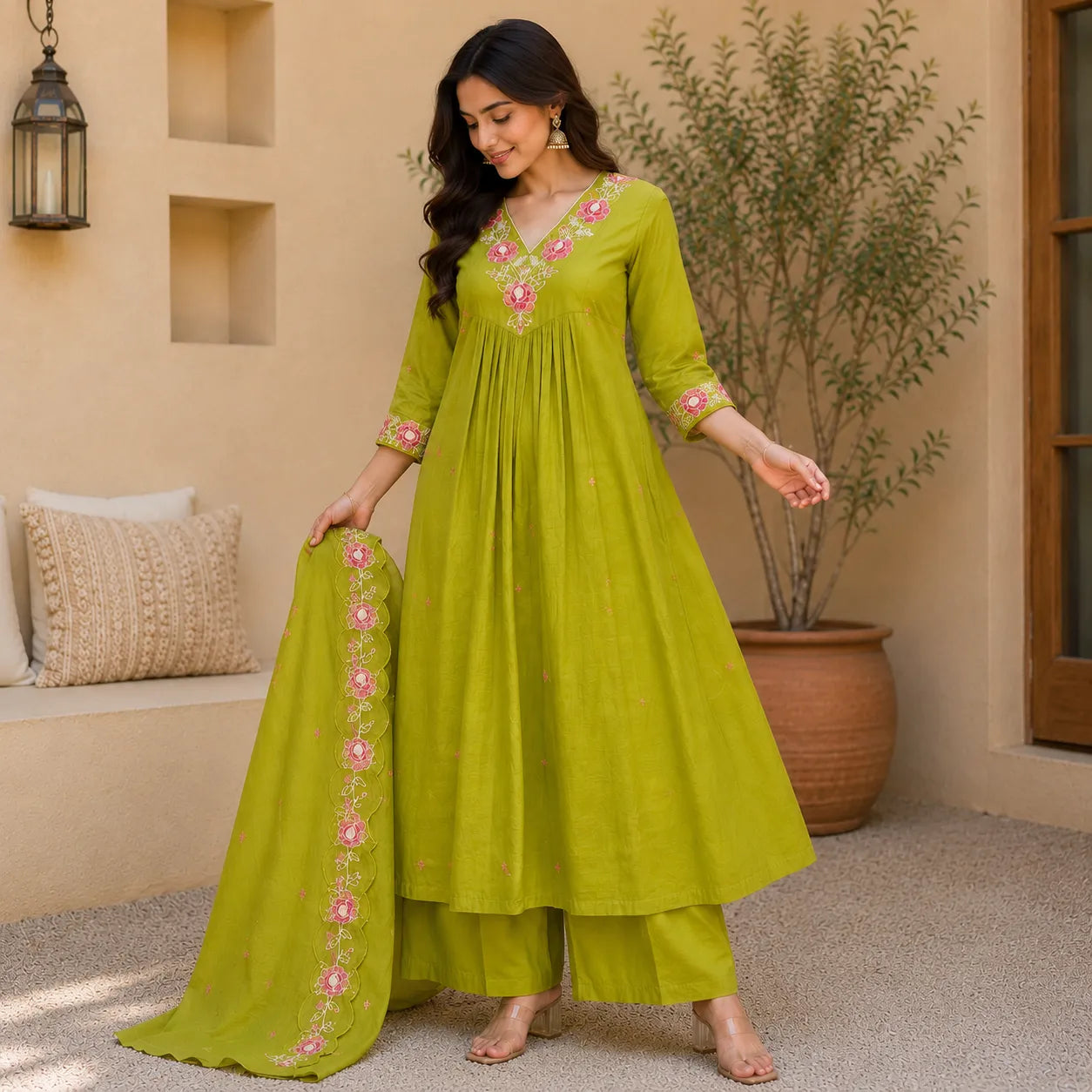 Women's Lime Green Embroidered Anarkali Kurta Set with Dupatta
= = =
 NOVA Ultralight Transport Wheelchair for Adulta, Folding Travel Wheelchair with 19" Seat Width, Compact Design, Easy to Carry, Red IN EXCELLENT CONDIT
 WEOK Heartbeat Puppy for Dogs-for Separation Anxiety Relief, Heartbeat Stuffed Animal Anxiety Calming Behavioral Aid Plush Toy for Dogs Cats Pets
= = =
_Aim of the task_. Restate word for word only the lines above from the line containing "NOVA Ultralight Transport" to the line containing "WEOK Heartbeat Puppy", both of them included.

_Written response_.
 NOVA Ultralight Transport Wheelchair for Adulta, Folding Travel Wheelchair with 19" Seat Width, Compact Design, Easy to Carry, Red IN EXCELLENT CONDIT
 WEOK Heartbeat Puppy for Dogs-for Separation Anxiety Relief, Heartbeat Stuffed Animal Anxiety Calming Behavioral Aid Plush Toy for Dogs Cats Pets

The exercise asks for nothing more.